Heck, your the one who has to see with the darn thing.

Here's what I've been using from Surefire:

L2 outdoorsmen; awsome for a pocket sized light that lives in the Jeep console and you can hold in your teeth.
Also clips to the bill of your hat. It takes 2 CR123 lithium batteries that last about 9 months with regular use.

U2; cool, it has up down power settings but I don't like the adjustment method and you can't hold it in your teeth.
Sold it.Also 2 CR123.

For flat out blinding everything with eyeballs within a square mile the M4 Devastator is the weapon of choice.
4 CR123's with 2 different bulbs for brightness.
Crenlated bezel for opening eyebrows like Tyson.
Chuck Norris has this light.

I've had and broken dozens of flashlights. There's a veritable flashlight graveyard in the bottom drawer of my workbench. I could have bought 10 Surefires with all the money I spent on chaep lights and batteries over the years.

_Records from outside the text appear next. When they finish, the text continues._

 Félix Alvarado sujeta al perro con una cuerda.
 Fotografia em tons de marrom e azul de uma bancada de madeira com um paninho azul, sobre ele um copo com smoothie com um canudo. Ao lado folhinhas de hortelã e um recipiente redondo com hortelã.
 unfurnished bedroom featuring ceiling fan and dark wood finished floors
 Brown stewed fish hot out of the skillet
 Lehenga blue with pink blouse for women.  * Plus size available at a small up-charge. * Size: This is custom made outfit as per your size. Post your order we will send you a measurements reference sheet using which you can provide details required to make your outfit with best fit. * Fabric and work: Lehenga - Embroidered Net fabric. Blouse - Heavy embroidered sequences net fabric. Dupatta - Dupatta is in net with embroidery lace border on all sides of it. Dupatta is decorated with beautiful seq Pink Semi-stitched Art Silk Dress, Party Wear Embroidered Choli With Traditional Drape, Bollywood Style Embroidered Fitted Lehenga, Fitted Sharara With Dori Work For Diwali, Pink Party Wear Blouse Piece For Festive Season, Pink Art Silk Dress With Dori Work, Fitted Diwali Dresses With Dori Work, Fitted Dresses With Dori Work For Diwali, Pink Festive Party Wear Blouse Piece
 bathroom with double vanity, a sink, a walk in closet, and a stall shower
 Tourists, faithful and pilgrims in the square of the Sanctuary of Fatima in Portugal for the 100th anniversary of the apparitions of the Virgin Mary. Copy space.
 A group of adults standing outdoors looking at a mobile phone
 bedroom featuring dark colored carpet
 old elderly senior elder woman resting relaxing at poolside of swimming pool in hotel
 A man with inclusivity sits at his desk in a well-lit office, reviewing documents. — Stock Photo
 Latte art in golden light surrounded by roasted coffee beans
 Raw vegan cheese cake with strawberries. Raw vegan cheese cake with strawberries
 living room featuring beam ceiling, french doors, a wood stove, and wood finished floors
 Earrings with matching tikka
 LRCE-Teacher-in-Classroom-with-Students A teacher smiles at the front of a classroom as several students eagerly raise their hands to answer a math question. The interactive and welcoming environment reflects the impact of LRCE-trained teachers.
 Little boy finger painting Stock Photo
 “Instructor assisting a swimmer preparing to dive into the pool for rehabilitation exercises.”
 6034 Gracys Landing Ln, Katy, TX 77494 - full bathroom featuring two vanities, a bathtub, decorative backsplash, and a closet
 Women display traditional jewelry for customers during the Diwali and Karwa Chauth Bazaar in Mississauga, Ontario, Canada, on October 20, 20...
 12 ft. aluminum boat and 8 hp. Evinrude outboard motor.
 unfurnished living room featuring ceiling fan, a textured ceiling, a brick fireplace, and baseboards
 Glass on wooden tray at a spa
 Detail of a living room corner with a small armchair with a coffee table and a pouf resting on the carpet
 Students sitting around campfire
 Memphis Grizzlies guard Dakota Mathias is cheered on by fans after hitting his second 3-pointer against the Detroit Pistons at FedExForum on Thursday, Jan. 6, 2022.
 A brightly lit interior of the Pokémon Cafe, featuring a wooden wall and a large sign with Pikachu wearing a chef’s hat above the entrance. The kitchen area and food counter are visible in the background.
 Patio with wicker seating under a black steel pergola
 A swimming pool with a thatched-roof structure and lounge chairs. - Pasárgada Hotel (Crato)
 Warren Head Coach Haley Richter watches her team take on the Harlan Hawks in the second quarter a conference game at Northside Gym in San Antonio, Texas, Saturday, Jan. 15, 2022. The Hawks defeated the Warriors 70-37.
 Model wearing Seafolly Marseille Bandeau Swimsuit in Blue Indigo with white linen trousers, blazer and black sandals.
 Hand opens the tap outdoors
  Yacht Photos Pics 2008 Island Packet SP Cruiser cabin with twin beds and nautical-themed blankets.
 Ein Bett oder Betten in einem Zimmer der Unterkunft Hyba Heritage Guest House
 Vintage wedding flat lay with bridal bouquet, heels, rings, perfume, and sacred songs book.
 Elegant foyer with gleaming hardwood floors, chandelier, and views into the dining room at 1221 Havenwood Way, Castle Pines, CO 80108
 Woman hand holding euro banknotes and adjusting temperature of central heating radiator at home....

Here's what I've found with some common brands:

Pelican makes durable plastic lights.Lens scratch easily.
Maglight makes night sticks with a xenon bulb that breaks every time you drop it or low output led.
Ultrafire makes cheap copys of Surefires lights that get hot and eat CR123's after a few hours. Blue or purple light.
Black Diamonds have poor switches.
Petzels are ok but prone to corrosion at the battery terminals.
Innova lights are good quality but I have yet to see one thats not blue light. I prefer white light personally.
Gerber lights are kind of fun. Green, red, blue, UV leds and such but I wouldn't rely on one in a cave.

Yeah Surefires are expensive but so it a good hammer.

The 2 cell SF lights are getting much cheaper, $40 range. Well worth it in my opinion.